When comparing late-onset patients (≥ 50 years of onset age, n = 11) with controls older than 50 years of age (n = 8), also significantly enlarged CSA was found in patients at the sural nerve (p < .001), the TIBA (p = .008) and the PERPF (p < .001). Furthermore, within the upper extremities, significant enlarged CSA was found at the ULNME (p = .024) and the ULNU (p = .027). No significant differences were noted at none at the other tested nerve sites.

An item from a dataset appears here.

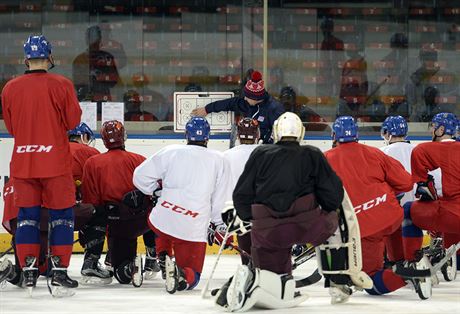 Trénink eské hokejové reprezentace v Praze bhem pípravy na olympijské hry v...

3.2.3. CSA and fibril types in ATTRv patients

The two patients with positive DPD scintigraphy were not fiber typed due to negative fat biopsy, and therefore excluded in the evaluation between fibril types.

Both patients with early onset age (n = 2) were men and had fibril type B. In patients with late-onset (n = 9), both fiber types were found. Five patients, all males, had fibril type A and four had fibril type B (two males, and two females). The CSA in patients with type A varied between: 2.2 − 3.8 mm2 (sural nerve), 9.7 − 15.4 mm2 (TIBA), 5.3 − 11.7 mm2 (PERFP), 9.5 − 20.5 mm2 (MEDW), 4.7 − 11.5 mm2 (MEDF), 6.5 − 15.2 mm2 (MEDE), 6.3 − 16.1 mm2 (MEDU), 3.0 − 6.2 mm2 (ULNW), 4.8 − 9.1 mm2 (ULNF), 7.4 − 22.4 mm2 (ULNME), and 5.5 − 10.1 mm2 (ULNU). The CSA in patients with type B varied between: 1.3 − 3.2 mm2 (sural nerve), 7.3 − 18.0 mm2 (TIBA), 4.9 − 9.0 mm2 (PERFP), 6.8 − 12.4 mm2 (MEDW), 4.5 − 9.6 mm2 (MEDF), 4.4 − 10.1 mm2 (MEDE), 6.2 − 13.5 mm2 (MEDU), 2.9 − 6.0 mm2 (ULNW), 3.7 − 7.9 mm2 (ULNF), 4.2 − 13.4 mm2 (ULNME), and 4.5 − 10.3 mm2 (ULNU).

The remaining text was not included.